Les candidats rivaux présentent l’élection comme une guerre entre le mouvement islamique représenté par Erdogan et le mouvement laïque représenté par Kilicdaroglu. Si Kilicdaroglu l’emporte, la Turquie pourrait connaître un retour à la sécularisation et s’éloigner de l’islamisation de l’État. La victoire de Kilicdaroglu serait également une victoire historique pour une personne issue de la minorité alévie qui deviendrait président de la république dans un pays où la majorité est sunnite. Les Alévis ont toujours été victimes de discrimination et exclus des postes influents de la société. La présidence de Kilicdaroglu constituerait une étape importante pour briser ce tabou et accroître l’inclusion dans la société turque.

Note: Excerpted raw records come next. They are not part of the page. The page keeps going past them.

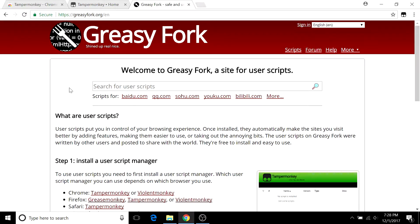Once you go to GreasyFork there's going to be a ton of scripts here for various purposes. Whether it's for a requester or a specific hit or a feature, you want to specifically search up what you're looking for.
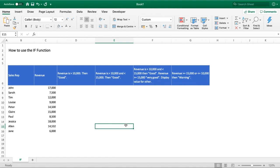Hello everyone and welcome back to another tutorial. In this video we're going to be taking a look at the IF function and also how we can nest the AND and OR functions, combining them with the IF function. We've got some demo sales data in columns B and C for a sales rep and the revenue they've generated, and we've got four other columns going from D through to G of scenarios where we want to use our IF statement to flag and identify the varying revenues based on our criteria.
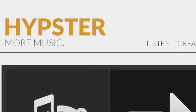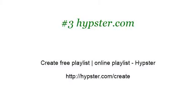If you don't find useful information on the previous sites, see hypsdr.com, the web page Create Free Playlist Online Playlist, Hipster. Here's the link. Thank you.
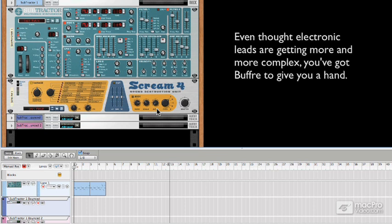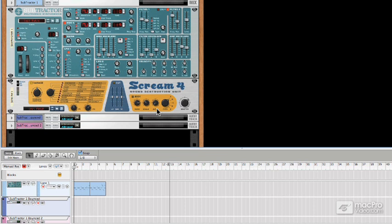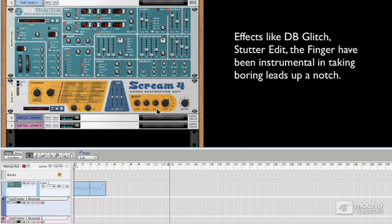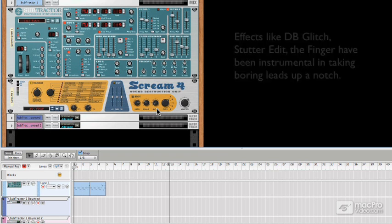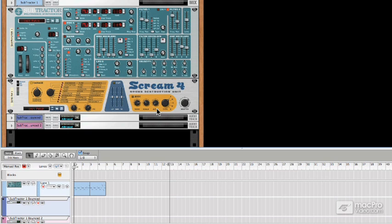Effects like DB Glitch, Stutter Edit, The Finger, and similar plugins have definitely been a part of adding to this trend, and they've had a hand in making seemingly complicated leads much less complicated to produce. In this video, I'd like to show you a few concepts for producing some very nice leads for any sound using Buffer.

L’un des principaux enjeux de l’élection est la possibilité de modifier le système de gouvernement de la Turquie, qui passerait d’un système présidentiel à un système parlementaire. L’opposition a insisté sur ce point dans ses promesses de campagne, affirmant que le système actuel concentre trop de pouvoirs entre les mains du président. En revanche, un système parlementaire répartirait le pouvoir de manière plus équitable. L’élection est l’occasion de changer l’autorité et le système lui-même. Si Erdogan perd, il est possible que la politique étrangère favorise les États-Unis et l’Occident au lieu de maintenir un équilibre entre l’Occident d’une part et la Russie et l’Iran d’autre part. La bataille pour le pouvoir en Turquie ne sera pas facile et ses conséquences, si Erdogan perd, modifieront toute la dynamique au Moyen-Orient et sur le continent européen.